[WHAT IS NEEDED]: Each of the records below must be reproduced exactly.
------ RECORDS SHOWN
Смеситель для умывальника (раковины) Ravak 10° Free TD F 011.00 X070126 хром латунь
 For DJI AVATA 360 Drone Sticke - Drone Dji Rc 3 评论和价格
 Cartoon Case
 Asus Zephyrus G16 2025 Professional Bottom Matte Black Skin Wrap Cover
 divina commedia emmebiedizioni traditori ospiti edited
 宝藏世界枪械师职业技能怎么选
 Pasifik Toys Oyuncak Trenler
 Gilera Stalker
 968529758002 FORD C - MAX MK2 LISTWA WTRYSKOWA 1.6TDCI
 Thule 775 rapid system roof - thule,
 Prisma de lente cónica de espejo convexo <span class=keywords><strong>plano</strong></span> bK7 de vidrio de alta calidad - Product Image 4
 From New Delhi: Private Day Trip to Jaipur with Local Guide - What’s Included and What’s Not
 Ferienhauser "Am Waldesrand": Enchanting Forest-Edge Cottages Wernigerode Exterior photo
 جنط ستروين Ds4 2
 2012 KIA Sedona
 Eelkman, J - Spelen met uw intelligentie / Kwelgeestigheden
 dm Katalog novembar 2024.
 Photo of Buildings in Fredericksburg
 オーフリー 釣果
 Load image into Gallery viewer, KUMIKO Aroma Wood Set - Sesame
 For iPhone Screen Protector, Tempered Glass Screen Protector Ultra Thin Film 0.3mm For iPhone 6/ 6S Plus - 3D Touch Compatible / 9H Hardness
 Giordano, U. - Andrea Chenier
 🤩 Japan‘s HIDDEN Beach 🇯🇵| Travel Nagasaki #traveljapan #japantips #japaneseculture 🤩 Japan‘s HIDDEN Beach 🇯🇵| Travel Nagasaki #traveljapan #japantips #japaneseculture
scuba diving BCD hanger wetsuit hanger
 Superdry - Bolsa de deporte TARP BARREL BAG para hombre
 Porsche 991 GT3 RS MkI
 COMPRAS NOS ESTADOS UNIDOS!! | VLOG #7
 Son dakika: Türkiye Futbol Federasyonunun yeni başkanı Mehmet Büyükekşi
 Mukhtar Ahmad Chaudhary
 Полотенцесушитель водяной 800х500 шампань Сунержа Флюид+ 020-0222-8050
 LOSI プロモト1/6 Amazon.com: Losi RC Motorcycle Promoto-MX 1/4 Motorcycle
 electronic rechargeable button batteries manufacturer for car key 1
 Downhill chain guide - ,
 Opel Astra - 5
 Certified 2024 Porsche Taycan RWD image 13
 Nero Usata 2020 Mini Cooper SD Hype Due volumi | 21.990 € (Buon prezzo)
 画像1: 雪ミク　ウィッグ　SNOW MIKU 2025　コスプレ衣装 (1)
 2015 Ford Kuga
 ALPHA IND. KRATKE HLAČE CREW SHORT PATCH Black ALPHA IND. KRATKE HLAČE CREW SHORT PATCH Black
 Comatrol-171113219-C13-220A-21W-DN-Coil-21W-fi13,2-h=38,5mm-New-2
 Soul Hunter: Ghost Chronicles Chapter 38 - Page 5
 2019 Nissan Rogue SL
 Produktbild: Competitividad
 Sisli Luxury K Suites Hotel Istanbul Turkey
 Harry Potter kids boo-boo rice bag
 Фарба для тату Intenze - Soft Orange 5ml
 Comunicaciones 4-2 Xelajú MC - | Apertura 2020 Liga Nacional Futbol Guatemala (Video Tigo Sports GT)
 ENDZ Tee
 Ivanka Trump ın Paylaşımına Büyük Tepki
------------
[EXERCISE RESPONSE]:
Смеситель для умывальника (раковины) Ravak 10° Free TD F 011.00 X070126 хром латунь
 For DJI AVATA 360 Drone Sticke - Drone Dji Rc 3 评论和价格
 Cartoon Case
 Asus Zephyrus G16 2025 Professional Bottom Matte Black Skin Wrap Cover
 divina commedia emmebiedizioni traditori ospiti edited
 宝藏世界枪械师职业技能怎么选
 Pasifik Toys Oyuncak Trenler
 Gilera Stalker
 968529758002 FORD C - MAX MK2 LISTWA WTRYSKOWA 1.6TDCI
 Thule 775 rapid system roof - thule,
 Prisma de lente cónica de espejo convexo <span class=keywords><strong>plano</strong></span> bK7 de vidrio de alta calidad - Product Image 4
 From New Delhi: Private Day Trip to Jaipur with Local Guide - What’s Included and What’s Not
 Ferienhauser "Am Waldesrand": Enchanting Forest-Edge Cottages Wernigerode Exterior photo
 جنط ستروين Ds4 2
 2012 KIA Sedona
 Eelkman, J - Spelen met uw intelligentie / Kwelgeestigheden
 dm Katalog novembar 2024.
 Photo of Buildings in Fredericksburg
 オーフリー 釣果
 Load image into Gallery viewer, KUMIKO Aroma Wood Set - Sesame
 For iPhone Screen Protector, Tempered Glass Screen Protector Ultra Thin Film 0.3mm For iPhone 6/ 6S Plus - 3D Touch Compatible / 9H Hardness
 Giordano, U. - Andrea Chenier
 🤩 Japan‘s HIDDEN Beach 🇯🇵| Travel Nagasaki #traveljapan #japantips #japaneseculture 🤩 Japan‘s HIDDEN Beach 🇯🇵| Travel Nagasaki #traveljapan #japantips #japaneseculture
scuba diving BCD hanger wetsuit hanger
 Superdry - Bolsa de deporte TARP BARREL BAG para hombre
 Porsche 991 GT3 RS MkI
 COMPRAS NOS ESTADOS UNIDOS!! | VLOG #7
 Son dakika: Türkiye Futbol Federasyonunun yeni başkanı Mehmet Büyükekşi
 Mukhtar Ahmad Chaudhary
 Полотенцесушитель водяной 800х500 шампань Сунержа Флюид+ 020-0222-8050
 LOSI プロモト1/6 Amazon.com: Losi RC Motorcycle Promoto-MX 1/4 Motorcycle
 electronic rechargeable button batteries manufacturer for car key 1
 Downhill chain guide - ,
 Opel Astra - 5
 Certified 2024 Porsche Taycan RWD image 13
 Nero Usata 2020 Mini Cooper SD Hype Due volumi | 21.990 € (Buon prezzo)
 画像1: 雪ミク　ウィッグ　SNOW MIKU 2025　コスプレ衣装 (1)
 2015 Ford Kuga
 ALPHA IND. KRATKE HLAČE CREW SHORT PATCH Black ALPHA IND. KRATKE HLAČE CREW SHORT PATCH Black
 Comatrol-171113219-C13-220A-21W-DN-Coil-21W-fi13,2-h=38,5mm-New-2
 Soul Hunter: Ghost Chronicles Chapter 38 - Page 5
 2019 Nissan Rogue SL
 Produktbild: Competitividad
 Sisli Luxury K Suites Hotel Istanbul Turkey
 Harry Potter kids boo-boo rice bag
 Фарба для тату Intenze - Soft Orange 5ml
 Comunicaciones 4-2 Xelajú MC - | Apertura 2020 Liga Nacional Futbol Guatemala (Video Tigo Sports GT)
 ENDZ Tee
 Ivanka Trump ın Paylaşımına Büyük Tepki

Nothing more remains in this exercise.